According to what Microsoft was saying today at its event in London, you guys want to do more with its phones than just make calls - you want your phone to be a representation of you. Fun, exciting, maybe even a bit sexy too (yeah, right)...
Unfortunately however, it seems that it's still difficult to make your phone you, with so many static menus and un-imaginative elements at the foundation of some mobile OSs, Windows Mobile having been mentioned as one of them. So, Microsoft's answer? A totally new experience from the ground up. With an internal mantra of customer is king. They claim to have removed compromises and made a break from the past, giving you everything you love, on your phone, with "less stop and stare, more glance and go". That said, let's get down to examining what the company unveiled in Europe today.
HTC 7 Mozart:
If the HTC Mozart was a food, we reckon on the surface, it would be fine bread. Tasty, good, though admittedly, not the most amazing thing in the world. However, take a bite and you get to the good stuff, a medley of features that make it a practical masterpiece, including the 3.7" WVGA screen and 1GHz Snapdragon chipset.

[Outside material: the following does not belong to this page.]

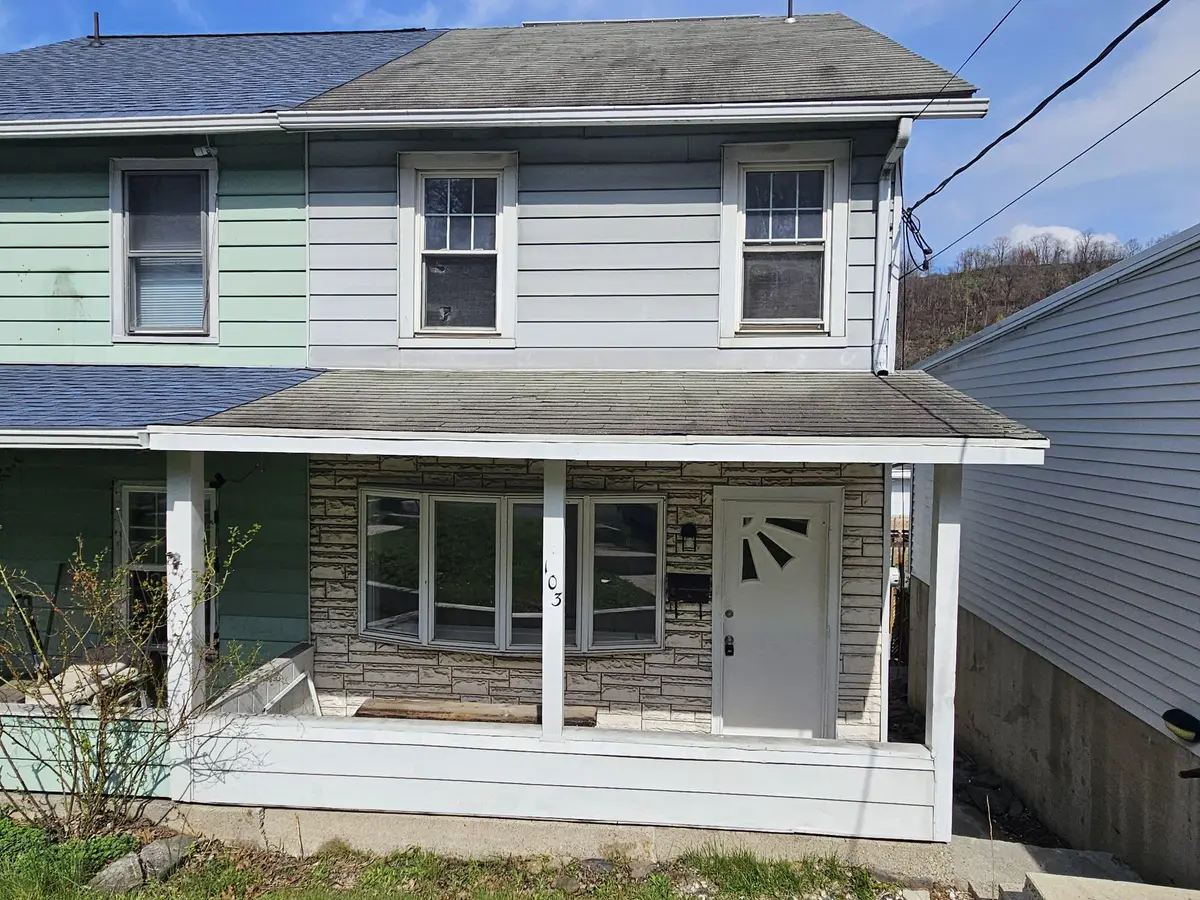 103 W Miner St, Coaldale, PA 18218 - #1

Superficially safe and very HTC, it feels solid with great build quality and a few flourishes reminiscent of the HTC Desire and Nexus One mixed together, with a neat battery cover on the bottom of its back intergrated into the design. It's certainly a capable phone, and a more pocket friendly alternative to the HTC HD 7. In addition, due to its curved styling, the Mozart feels like the most curvaceous of all the handsets mentioned today. The pow factor of the HTC Mozart is its camera, being 8MP with a Xenon flash and 720p HD video capture.
LG Optimus 7:
A heavyweight fighter in the competition, the LG Optimus 7 is a sturdy piece of kit. With retro physical rubberized buttons instead of capacitive ones under the screen it definitely doesn't feel as slick as the other phones, though thanks to its more rugged build quality, it sure does feel like it can take a lot more "life situations". The 3.8" WVGA screen is a pleasure to look at, if visibly less vibrant than that on the Samsung Omnia 7, being a bit smaller and sporting a less colourful interface (it has a mainly red interface). The rest of the features are also pretty standard when compared to the other phones announced today (1GHz Snapdragon processor, 5MP camera, etc.); however, the Optimus 7 does offer some very cool standout features. Software wise, these include DLNA so you can get your media straight to your TV or music player and an augmented reality overlay to your camera module called Scan Search.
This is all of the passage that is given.